TriSept Corp. has announced plans for a commercial technology demonstration mission set for launch next year on a Rocket Lab Electron vehicle to test a deployable conductive tape, made by Tethers Unlimited, that could help small satellites more quickly fall out of orbit at the end of their missions.
The Dragracer mission, announced Aug. 5, will test a Terminator Tape device developed by Tethers Unlimited, headquartered near Seattle. TriSept, based in Virginia, specializes in planning, integrating and managing small satellite missions.
The Terminator Tape is a thin extendable tether designed to generate aerodynamic drag to accelerate the re-entry of small satellites, helping to prevent the creation of space junk.
“One of the partners in the mission is Tethers Unlimited,” said Jason Armstrong, director of launch integration services at TriSept, in an interview with Spaceflight Now. “They do deployable tether devices, which are stored energy structures. When it’s deployed, it changes the overall structure of the spacecraft, thereby changing the drag.”
Millennium Space Systems, owned by Boeing and based in El Segundo, California, will assemble the 55-pound (25-kilogram) spacecraft for the Dragracer mission. TriSept officials said the suitcase-sized spacecraft will be built on the Raptor satellite bus, based on a 12U CubeSat form factor.
The Dragracer spacecraft will launch in early 2020 on a rideshare mission aboard a Rocket Lab Electron rocket with several other small satellites, Armstrong said.
Small satellites have tested de-orbit devices before, including drag sails and tethers. But many of those satellites tested their de-orbit systems at the end of their missions, sometimes months or years after launch. Experiments using tethers in space have produced mixed results, and many tethers have failed to extend once in orbit.
Armstrong said launching a dedicated tech demo mission, like Dragracer, allows engineers to “realize the benefits of it immediately.”
“Rather than it being attached to a spacecraft, being launched and flying a three-to-five-year mission, and then deploying this mechanism and see what we get as a result, the (Dragracer) mission … is completely about the demonstration,” he said.
The Dragracer satellite will split into two nearly identical pieces after launch. One half of the spacecraft carries the Terminator Tape, and the other does not, allowing engineers to compare how their altitudes change over time.

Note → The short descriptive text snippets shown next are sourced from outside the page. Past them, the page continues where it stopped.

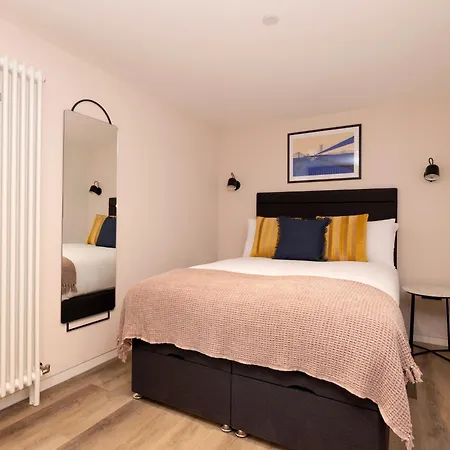 Charming Near Holyrood Park & Calton Hill Édimbourg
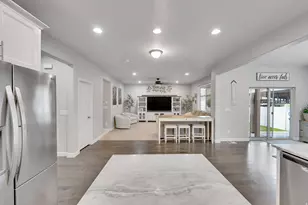 10338 S Venenzia Way, South Jordan, UT 84095 - Photo 9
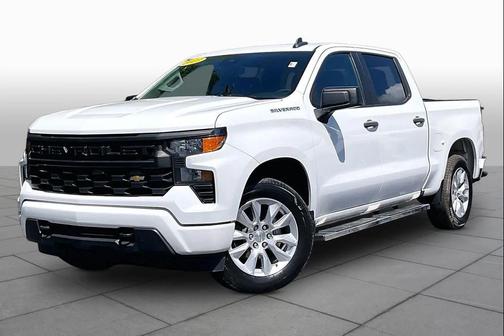 White 2023 Chevrolet Silverado 1500 Custom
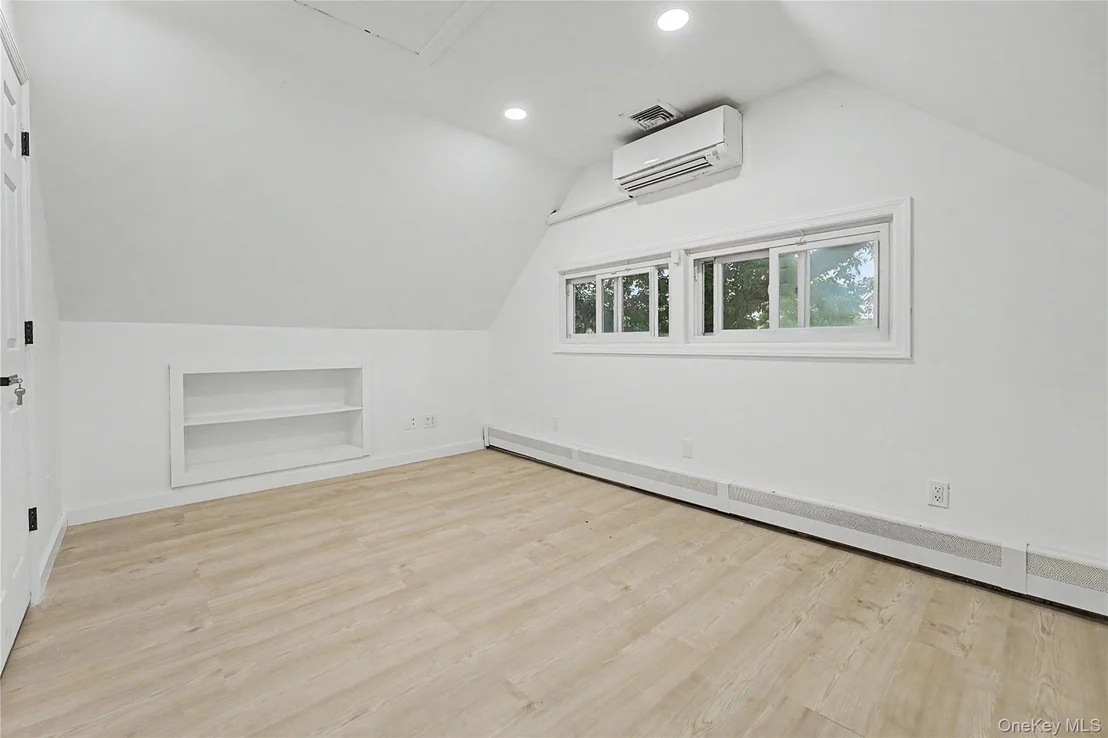 Photo of 6 Regal Lane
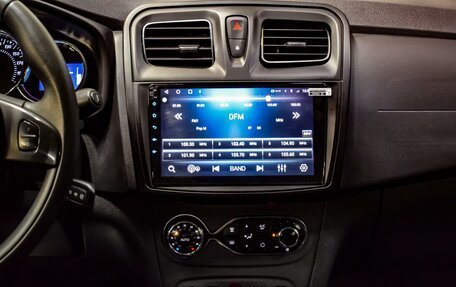 Renault Sandero II рестайлинг, 2018 год, 920 000 рублей, 14 фотография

“Immediately upon separation from the launch vehicle, the two halves of the spacecraft will come part from each other, and then we can deploy the tether on one half of the spacecraft and get immediate data that we can then characterize the capability of the system,” Armstrong said.

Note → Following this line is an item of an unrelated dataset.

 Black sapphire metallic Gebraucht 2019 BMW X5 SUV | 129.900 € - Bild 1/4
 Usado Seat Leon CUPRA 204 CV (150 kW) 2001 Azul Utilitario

The Electron rocket will deliver the Dragracer mission to a polar orbit roughly 250 miles (400 kilometers) above Earth, below the altitude of the International Space Station. After a few days in space, the tether will extend to a length of about 820 feet (250 meters). The tape measures about 1.5 to 2 inches wide, Armstrong said.
Gravity gradient forces will pull the tether in a vertical orientation, stabilizing the satellite’s attitude and increasing drag.

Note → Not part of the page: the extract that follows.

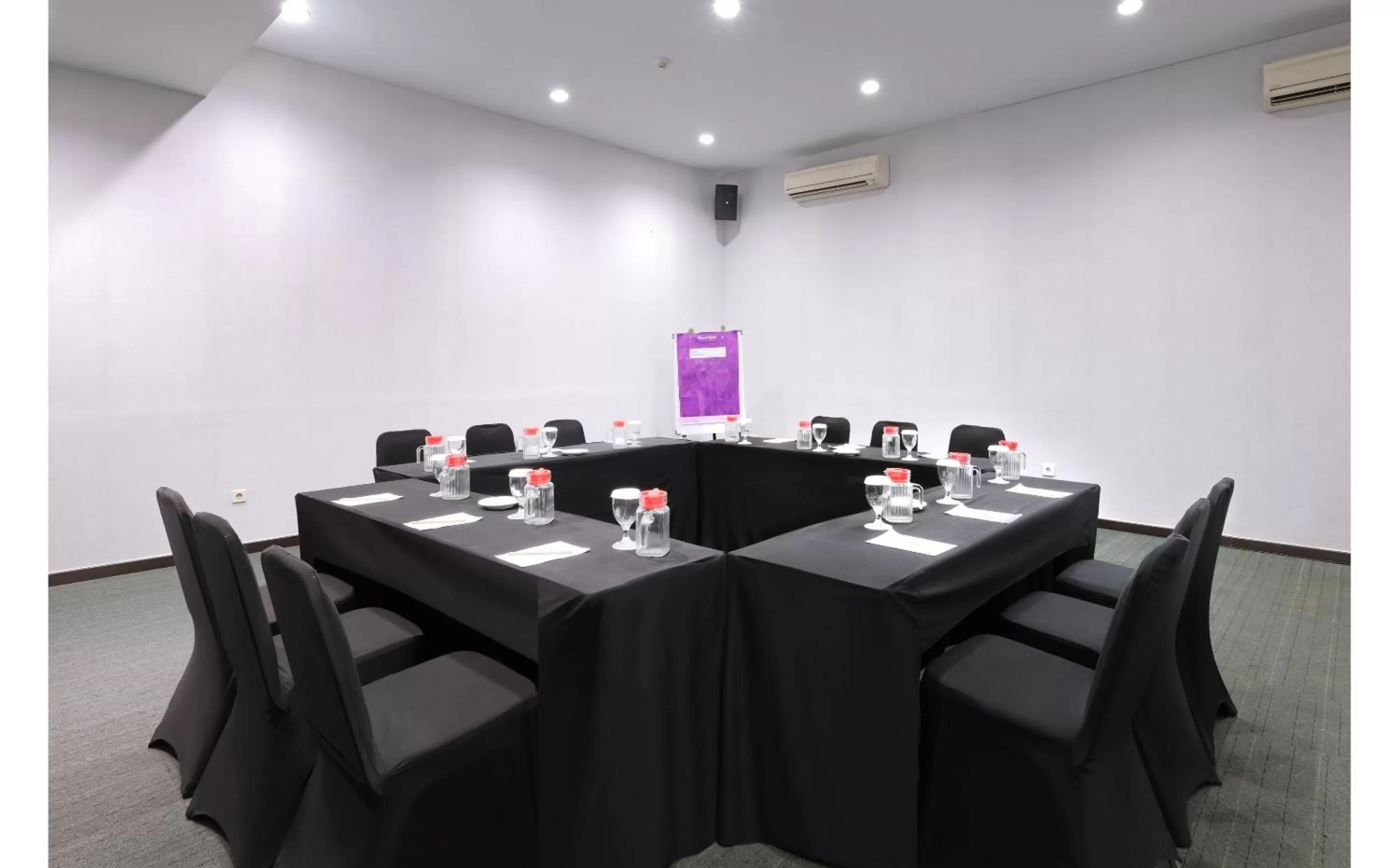 Meeting/conference room in Quest Hotel Simpang Lima - Semarang by ASTON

A preflight analysis predicts the Terminator Tape will allow the spacecraft with the tether to re-enter the atmosphere and burn up within two-to-four weeks, while the other satellite — acting as a control in the experiment — is expected to re-enter in eight-to-12 months, according to Armstrong.
Engineers want to learn which types of de-orbit devices work best for certain types of satellites.
“What we’re intending to do is to get actual flight data to substantiate that analysis, and then you can use scale factors to know what size of deployable tether or drag mechanism you would need to install for a specific size of spacecraft in order to get the re-entry timeline that you want,” Armstrong said.
For the Dragracer mission, TriSept is in charge of integrating the spacecraft with the Electron launch vehicle, and also procures the dispenser to house and eject the satellite during the launch sequence.
“I would say that with the Terminator Tape approach, the benefit that it has is it’s a much smaller volume and mass,” Armstrong said. “And it’s very much less complex as far as the capabilities that you have to have for actuating it and deploying the system. On-board, all we have to have is a small timer circuit with a little battery in it. That’s very attractive … You’re not introducing risk or any highly complex systems.”
“This rideshare mission slated for launch aboard our Rocket Lab Electron is very significant as Millennium Space Systems, supported by TriSept’s seasoned launch integration team, tackles one of the biggest challenges facing our industry today,” said Lars Hoffman, senior vice president of global launch services at Rocket Lab, in a statement. “We look forward to working closely with these two space industry innovators in preparation for an exciting milestone launch of the Dragracer orbital debris initiative.”
Assuming the Terminator Type experiment produces good results, Armstrong said: “I think it could stand alone on its own as a feasible system for the small satellite community.”